▸ Given information:
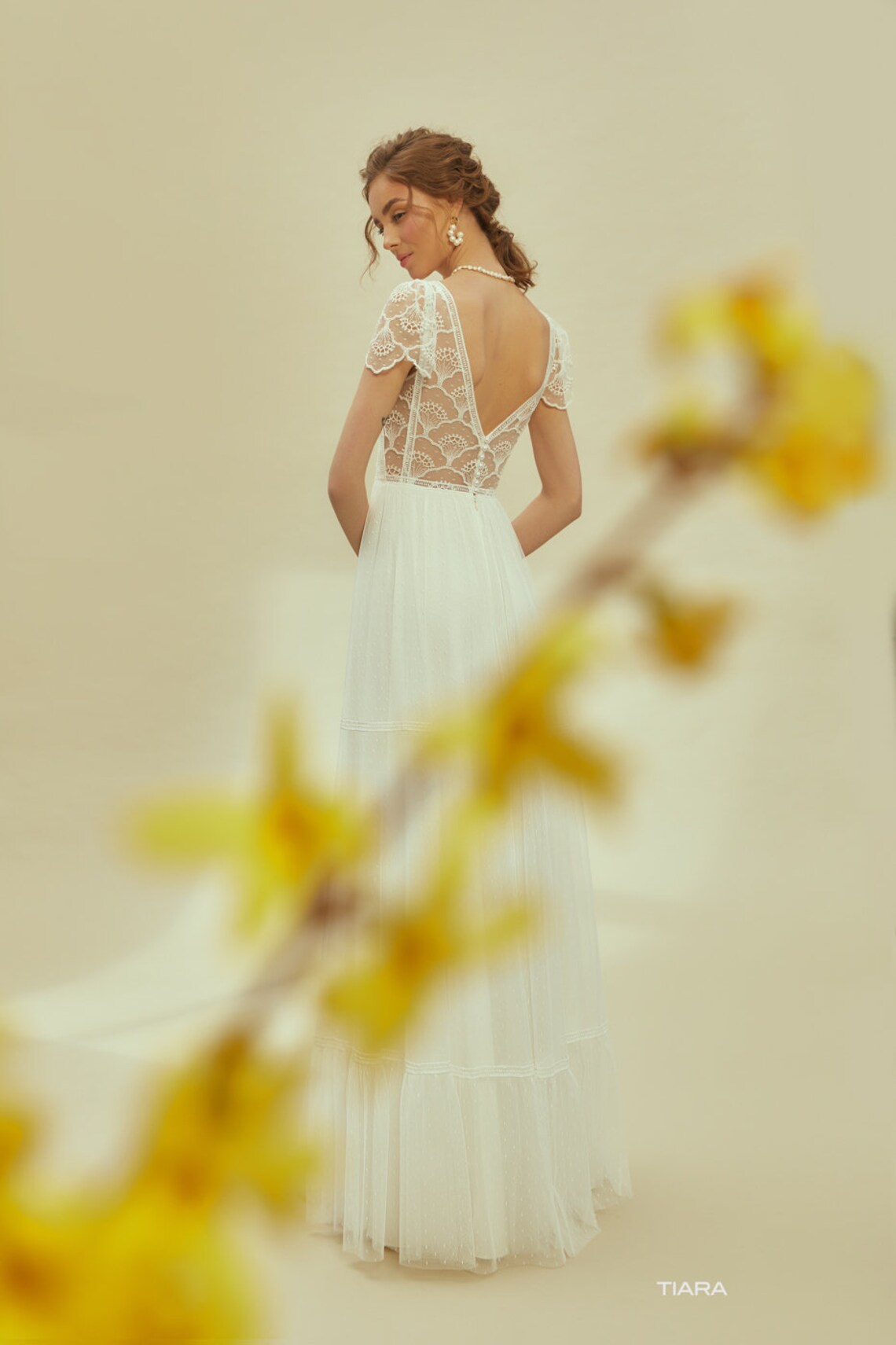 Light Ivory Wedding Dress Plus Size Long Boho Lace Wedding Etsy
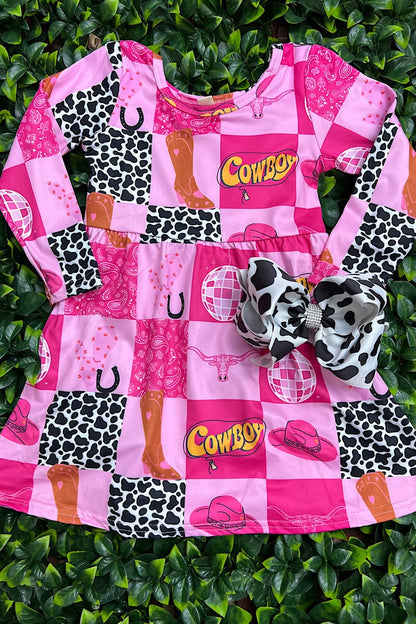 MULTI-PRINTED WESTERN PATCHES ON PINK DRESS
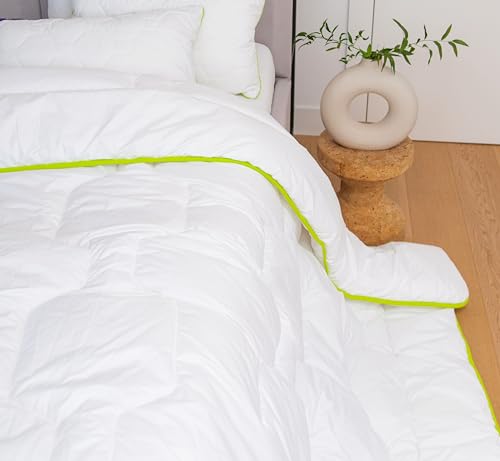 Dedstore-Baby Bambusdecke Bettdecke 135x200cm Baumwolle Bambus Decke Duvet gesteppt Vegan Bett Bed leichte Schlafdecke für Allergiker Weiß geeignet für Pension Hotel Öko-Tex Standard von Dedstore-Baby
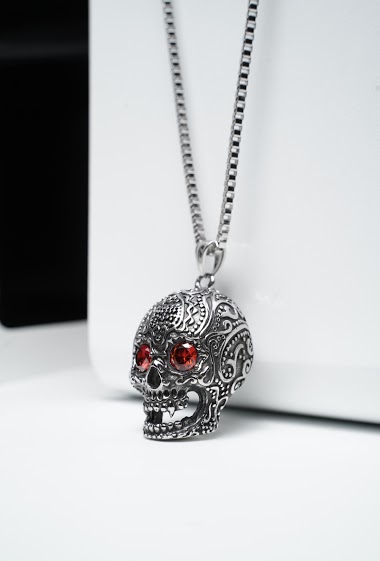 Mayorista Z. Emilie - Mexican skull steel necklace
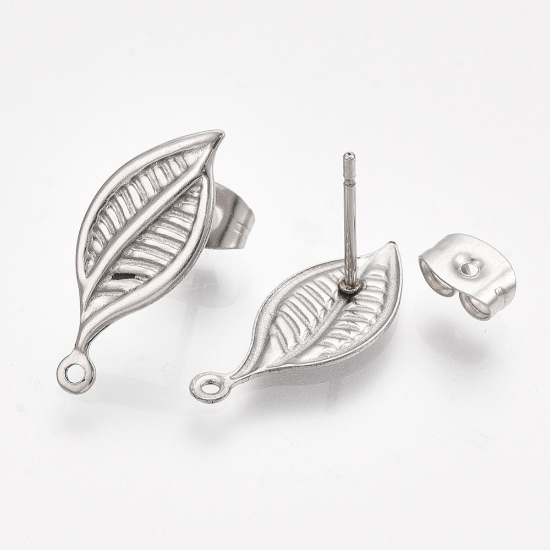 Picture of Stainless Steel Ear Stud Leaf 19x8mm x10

▸ Work order: Please reproduce, word for word, only the lines from the line that holds "MULTI-PRINTED WESTERN PATCHES ON PINK DRESS" through the final line of the entries above, omitting any pictures.

▸ Response box:
 MULTI-PRINTED WESTERN PATCHES ON PINK DRESS
 Dedstore-Baby Bambusdecke Bettdecke 135x200cm Baumwolle Bambus Decke Duvet gesteppt Vegan Bett Bed leichte Schlafdecke für Allergiker Weiß geeignet für Pension Hotel Öko-Tex Standard von Dedstore-Baby
 Mayorista Z. Emilie - Mexican skull steel necklace
 Picture of Stainless Steel Ear Stud Leaf 19x8mm x10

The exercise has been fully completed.